[Source material]

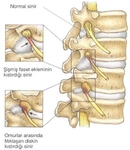 Siyatik Sinir Zedelenmesi Belirtileri ve Tedavisi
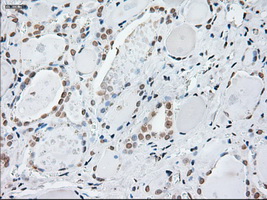 GFAP Antibody - IHC of paraffin-embedded thyroid tissue using anti-GFAP mouse monoclonal antibody. (Dilution 1:50).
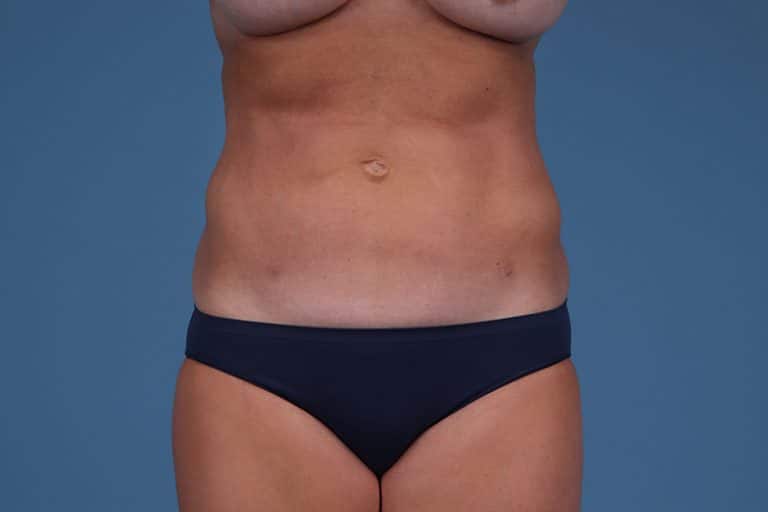 Person wearing dark underwear, shown from shoulders to hips, standing against a plain blue background.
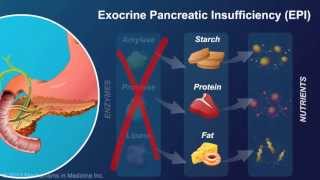 Exocrine Pancreatic Insufficiency [upl. by Aicire]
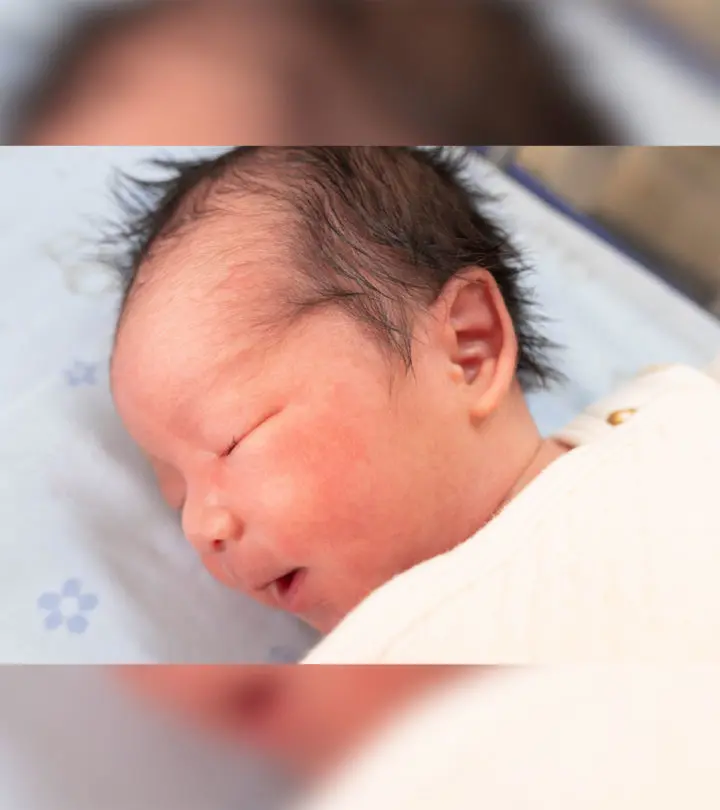 New Article What Causes Caput Succedaneum Swelling On The Head In Newborns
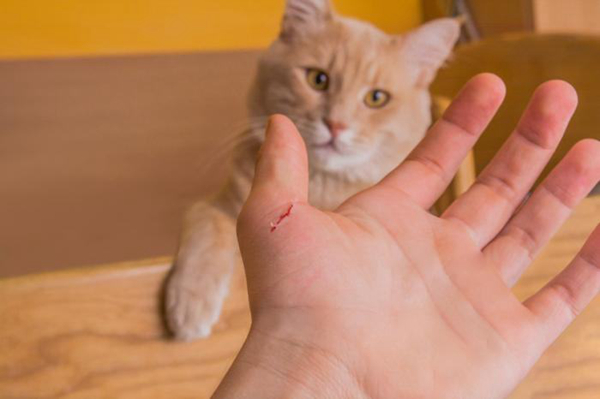 猫抓病是什么病?猫抓病会死吗（汉赛巴通体病毒引起）800 / 作者:UFO爱好者 / 帖子ID:83228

[/Source material]

■ What the task asks: Copy word for word each line of the data above, from the first through the one containing "Person wearing dark", and include no pictures.

■ Final answer:
 Siyatik Sinir Zedelenmesi Belirtileri ve Tedavisi
 GFAP Antibody - IHC of paraffin-embedded thyroid tissue using anti-GFAP mouse monoclonal antibody. (Dilution 1:50).
 Person wearing dark underwear, shown from shoulders to hips, standing against a plain blue background.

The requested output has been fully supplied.